President pro tempore of the Delaware Senate
- In office January 3, 1929 – January 3, 1935 January 3, 1937 – January 3, 1939
- Preceded by: William F. Allen (first term) Levi G. Maloney (second term)
- Succeeded by: Levi G. Maloney (first term) David Steele (second term)

Member of the Delaware Senate from New Castle County
- In office January 3, 1923 – January 3, 1939

Personal details
- Born: September 28, 1871 Peoria, Illinois, U.S.
- Died: October 9, 1951 (aged 80) Wilmington, Delaware, U.S.
- Party: Republican
- Spouse: Hetty May Hull
- Children: one
- Occupation: farmer, railroad executive (DuPont)

= William A. Simonton =

American politician (1871–1951)

William A. Simonton (September 28, 1871 – October 9, 1951) was an American politician in the U.S. state of Delaware.
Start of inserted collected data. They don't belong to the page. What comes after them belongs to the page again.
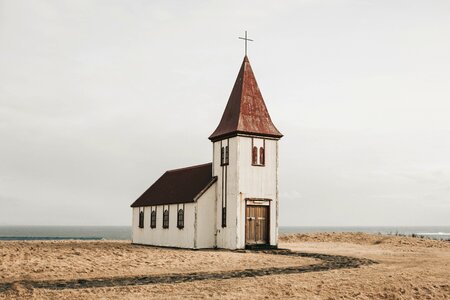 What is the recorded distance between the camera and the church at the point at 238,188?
33.7 m

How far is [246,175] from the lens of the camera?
33.8 meters

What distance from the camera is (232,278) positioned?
1905 cm

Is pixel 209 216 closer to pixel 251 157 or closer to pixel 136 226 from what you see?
pixel 251 157

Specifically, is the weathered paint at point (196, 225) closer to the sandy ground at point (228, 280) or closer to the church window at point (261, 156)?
the church window at point (261, 156)

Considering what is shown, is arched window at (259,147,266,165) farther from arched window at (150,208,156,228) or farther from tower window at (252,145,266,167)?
arched window at (150,208,156,228)

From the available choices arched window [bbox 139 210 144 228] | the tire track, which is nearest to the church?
arched window [bbox 139 210 144 228]

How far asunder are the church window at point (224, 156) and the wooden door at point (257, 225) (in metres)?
3.26

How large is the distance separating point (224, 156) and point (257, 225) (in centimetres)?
485

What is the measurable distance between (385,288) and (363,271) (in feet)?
10.2

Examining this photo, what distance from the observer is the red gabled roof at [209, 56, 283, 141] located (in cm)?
3444

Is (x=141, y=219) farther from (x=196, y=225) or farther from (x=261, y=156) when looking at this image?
(x=261, y=156)

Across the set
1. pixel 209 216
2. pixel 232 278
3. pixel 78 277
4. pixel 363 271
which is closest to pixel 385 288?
pixel 363 271

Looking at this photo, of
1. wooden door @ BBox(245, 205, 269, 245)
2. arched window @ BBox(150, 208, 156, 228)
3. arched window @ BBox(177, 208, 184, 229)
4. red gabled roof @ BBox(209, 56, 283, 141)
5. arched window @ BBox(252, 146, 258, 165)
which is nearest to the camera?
wooden door @ BBox(245, 205, 269, 245)

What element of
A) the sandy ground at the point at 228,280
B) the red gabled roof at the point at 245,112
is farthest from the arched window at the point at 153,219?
the sandy ground at the point at 228,280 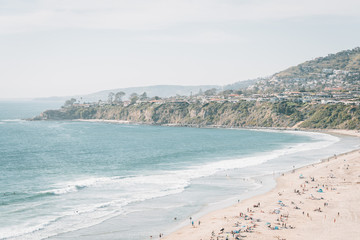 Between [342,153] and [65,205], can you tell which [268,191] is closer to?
[65,205]

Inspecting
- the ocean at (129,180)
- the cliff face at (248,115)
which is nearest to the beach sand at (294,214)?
the ocean at (129,180)

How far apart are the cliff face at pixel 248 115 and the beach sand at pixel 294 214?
77.0m

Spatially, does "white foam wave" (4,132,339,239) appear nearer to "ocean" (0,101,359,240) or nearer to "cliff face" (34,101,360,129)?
"ocean" (0,101,359,240)

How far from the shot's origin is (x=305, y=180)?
5656cm

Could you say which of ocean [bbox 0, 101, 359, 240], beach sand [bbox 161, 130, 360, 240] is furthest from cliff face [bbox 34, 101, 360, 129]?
beach sand [bbox 161, 130, 360, 240]

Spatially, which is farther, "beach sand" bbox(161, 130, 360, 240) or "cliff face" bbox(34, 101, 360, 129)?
"cliff face" bbox(34, 101, 360, 129)

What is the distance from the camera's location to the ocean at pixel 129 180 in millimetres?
38969

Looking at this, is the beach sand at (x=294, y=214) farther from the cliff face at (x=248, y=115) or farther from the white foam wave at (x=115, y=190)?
the cliff face at (x=248, y=115)

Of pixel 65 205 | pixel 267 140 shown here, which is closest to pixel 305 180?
pixel 65 205

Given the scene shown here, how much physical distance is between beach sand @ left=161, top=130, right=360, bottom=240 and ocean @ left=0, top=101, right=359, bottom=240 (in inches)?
113

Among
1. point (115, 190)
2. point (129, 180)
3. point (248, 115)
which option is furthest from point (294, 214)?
point (248, 115)

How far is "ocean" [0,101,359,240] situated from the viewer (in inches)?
1534

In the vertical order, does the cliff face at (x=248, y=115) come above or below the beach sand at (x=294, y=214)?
above

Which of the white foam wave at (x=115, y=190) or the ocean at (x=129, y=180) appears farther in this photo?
the ocean at (x=129, y=180) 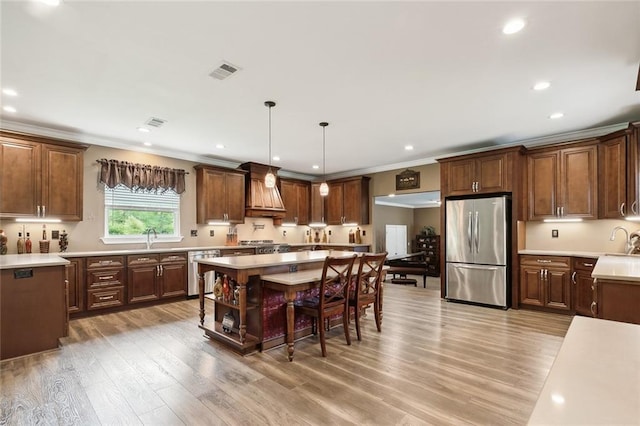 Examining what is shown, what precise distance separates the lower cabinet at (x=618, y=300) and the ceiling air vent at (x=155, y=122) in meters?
5.09

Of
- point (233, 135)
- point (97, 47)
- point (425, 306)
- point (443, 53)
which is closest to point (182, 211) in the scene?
point (233, 135)

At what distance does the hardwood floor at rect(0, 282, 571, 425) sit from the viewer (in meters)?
2.22

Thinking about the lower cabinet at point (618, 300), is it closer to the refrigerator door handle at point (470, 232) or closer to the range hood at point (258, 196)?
the refrigerator door handle at point (470, 232)

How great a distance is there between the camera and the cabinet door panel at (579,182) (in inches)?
181

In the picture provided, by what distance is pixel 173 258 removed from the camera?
5.57m

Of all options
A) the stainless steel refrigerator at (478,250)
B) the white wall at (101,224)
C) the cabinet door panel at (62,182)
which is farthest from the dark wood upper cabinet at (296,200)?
the cabinet door panel at (62,182)

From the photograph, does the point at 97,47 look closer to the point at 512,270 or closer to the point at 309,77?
the point at 309,77

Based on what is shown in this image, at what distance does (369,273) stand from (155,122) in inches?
140

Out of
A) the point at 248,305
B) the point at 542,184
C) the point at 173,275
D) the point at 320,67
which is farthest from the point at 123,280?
the point at 542,184

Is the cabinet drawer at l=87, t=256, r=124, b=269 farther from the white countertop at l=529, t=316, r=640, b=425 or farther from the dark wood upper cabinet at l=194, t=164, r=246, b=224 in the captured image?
the white countertop at l=529, t=316, r=640, b=425

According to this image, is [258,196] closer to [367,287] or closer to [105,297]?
[105,297]

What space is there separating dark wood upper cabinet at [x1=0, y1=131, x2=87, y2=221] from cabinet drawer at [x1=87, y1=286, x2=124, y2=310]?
1158 mm

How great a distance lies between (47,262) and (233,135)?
2.87 meters

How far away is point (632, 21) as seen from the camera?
2.30 metres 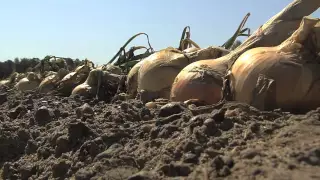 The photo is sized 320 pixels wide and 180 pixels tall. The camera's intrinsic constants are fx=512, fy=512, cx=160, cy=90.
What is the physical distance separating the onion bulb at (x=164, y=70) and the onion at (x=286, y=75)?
1.20 m

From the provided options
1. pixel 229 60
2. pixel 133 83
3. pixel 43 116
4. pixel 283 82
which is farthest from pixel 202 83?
pixel 43 116

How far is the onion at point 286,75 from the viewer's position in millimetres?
2551

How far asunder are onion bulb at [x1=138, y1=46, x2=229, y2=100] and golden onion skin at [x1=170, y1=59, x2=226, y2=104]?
0.62 meters

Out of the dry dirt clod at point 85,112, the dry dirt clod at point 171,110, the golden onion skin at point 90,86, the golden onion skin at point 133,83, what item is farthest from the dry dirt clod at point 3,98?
the dry dirt clod at point 171,110

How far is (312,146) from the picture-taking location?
5.82ft

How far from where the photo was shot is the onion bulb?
3.94m

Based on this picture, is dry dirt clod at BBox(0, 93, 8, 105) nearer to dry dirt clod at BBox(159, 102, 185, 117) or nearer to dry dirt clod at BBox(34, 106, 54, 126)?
dry dirt clod at BBox(34, 106, 54, 126)

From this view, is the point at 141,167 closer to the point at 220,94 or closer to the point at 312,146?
the point at 312,146

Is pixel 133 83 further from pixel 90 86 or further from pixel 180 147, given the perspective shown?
pixel 180 147

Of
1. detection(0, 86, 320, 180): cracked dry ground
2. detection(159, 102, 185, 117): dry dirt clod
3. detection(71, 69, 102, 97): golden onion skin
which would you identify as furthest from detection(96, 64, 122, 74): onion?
detection(159, 102, 185, 117): dry dirt clod

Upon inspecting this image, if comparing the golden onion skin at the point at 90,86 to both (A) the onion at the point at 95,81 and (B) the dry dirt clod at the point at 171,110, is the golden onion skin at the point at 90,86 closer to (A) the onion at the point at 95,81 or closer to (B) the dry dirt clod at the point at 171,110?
(A) the onion at the point at 95,81

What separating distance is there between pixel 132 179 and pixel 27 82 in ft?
20.8

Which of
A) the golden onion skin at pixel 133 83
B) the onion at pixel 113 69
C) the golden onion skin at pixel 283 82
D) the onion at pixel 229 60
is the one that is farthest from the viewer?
the onion at pixel 113 69

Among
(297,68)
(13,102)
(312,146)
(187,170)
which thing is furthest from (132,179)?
(13,102) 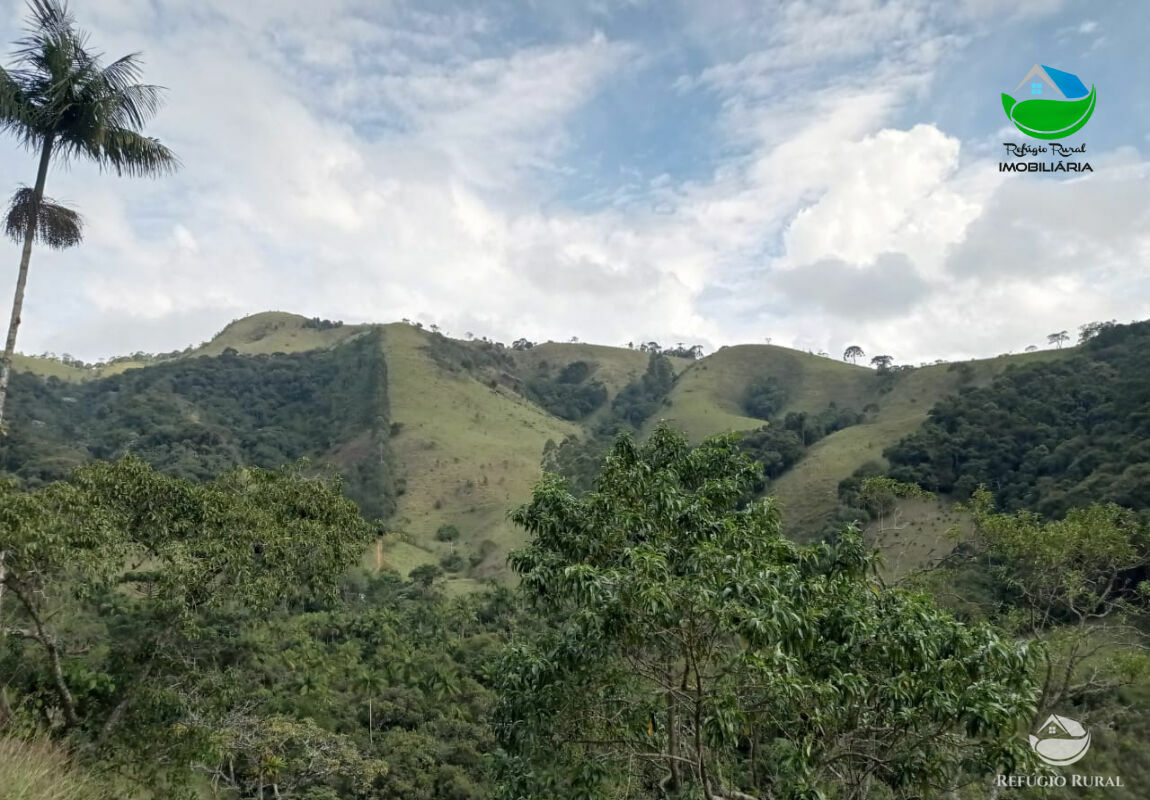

He served as a senator from New Castle County, Delaware from 1923 until 1939. Simonton, a Republican, was also the senate's President pro tempore in from 1929 until 1955 and 1937 until 1939. He had also served as the Dean of the State Senate. During his time as pro tempore of the senate, Simonton was the last one to serve in the Old State House and the first to serve in the new Delaware Legislative Hall. An executive at DuPont, Simonton was also a prominent trapshooter. He died in 1951 at his home in Wilmington.